> [Task statement]:
From the material below, set down exactly the lines that run from the one containing "HISTORY OF OHIO [upl. by Thetos]" to the one containing "Web Card Multi Color E-Gift Card", minus the pictures.

> [Data for analysis]:
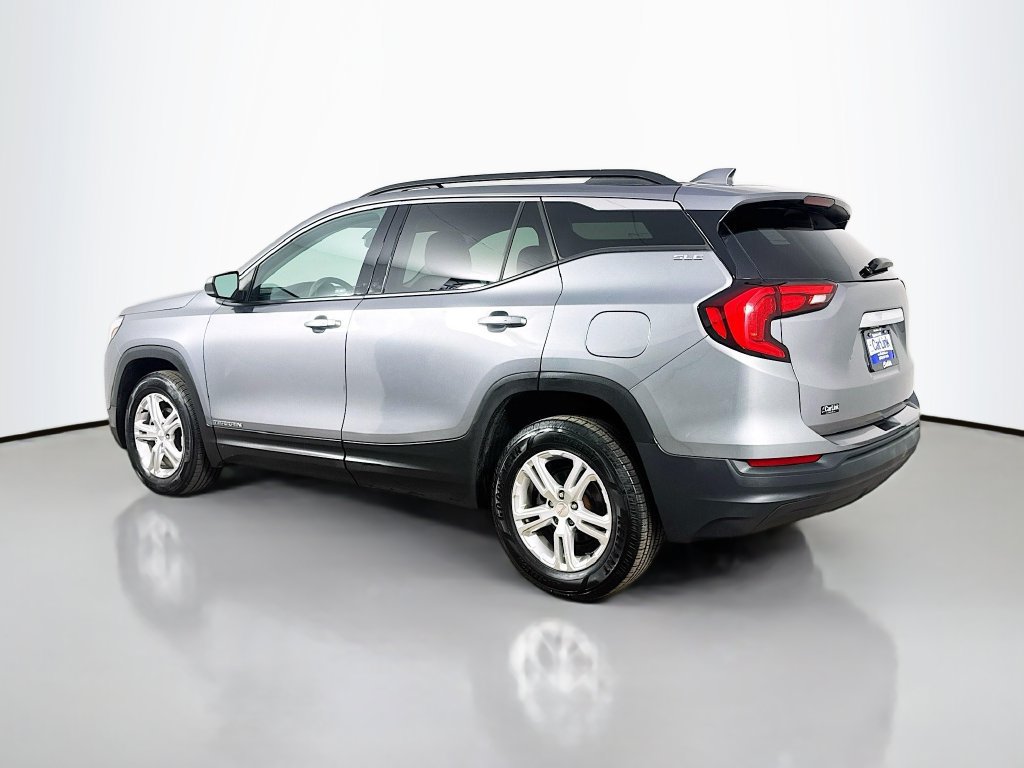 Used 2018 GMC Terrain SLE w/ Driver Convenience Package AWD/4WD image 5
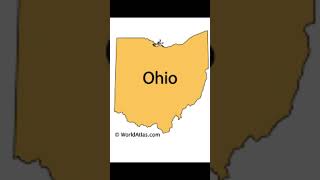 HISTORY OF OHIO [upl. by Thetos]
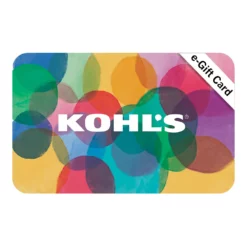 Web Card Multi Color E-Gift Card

---

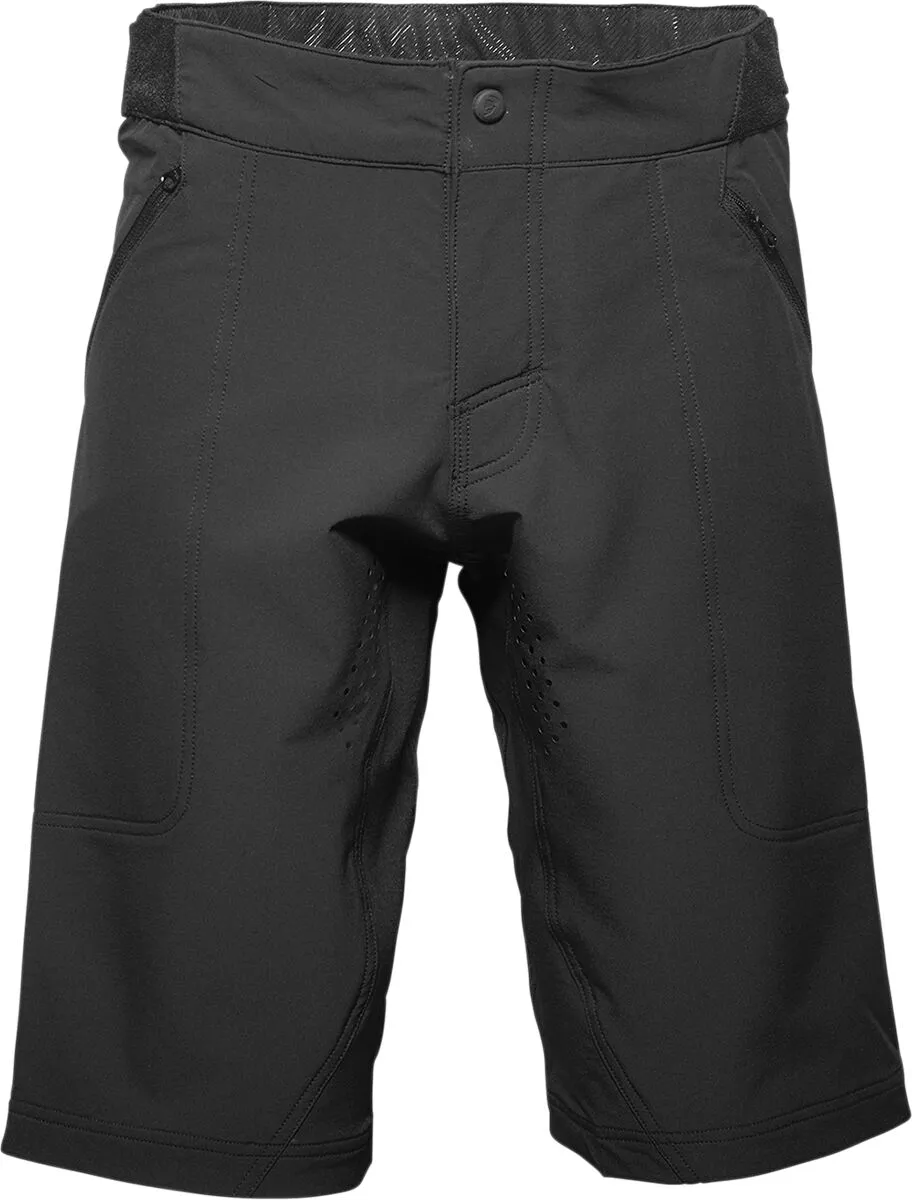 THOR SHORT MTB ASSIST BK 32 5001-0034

> [Task result]:
 HISTORY OF OHIO [upl. by Thetos]
 Web Card Multi Color E-Gift Card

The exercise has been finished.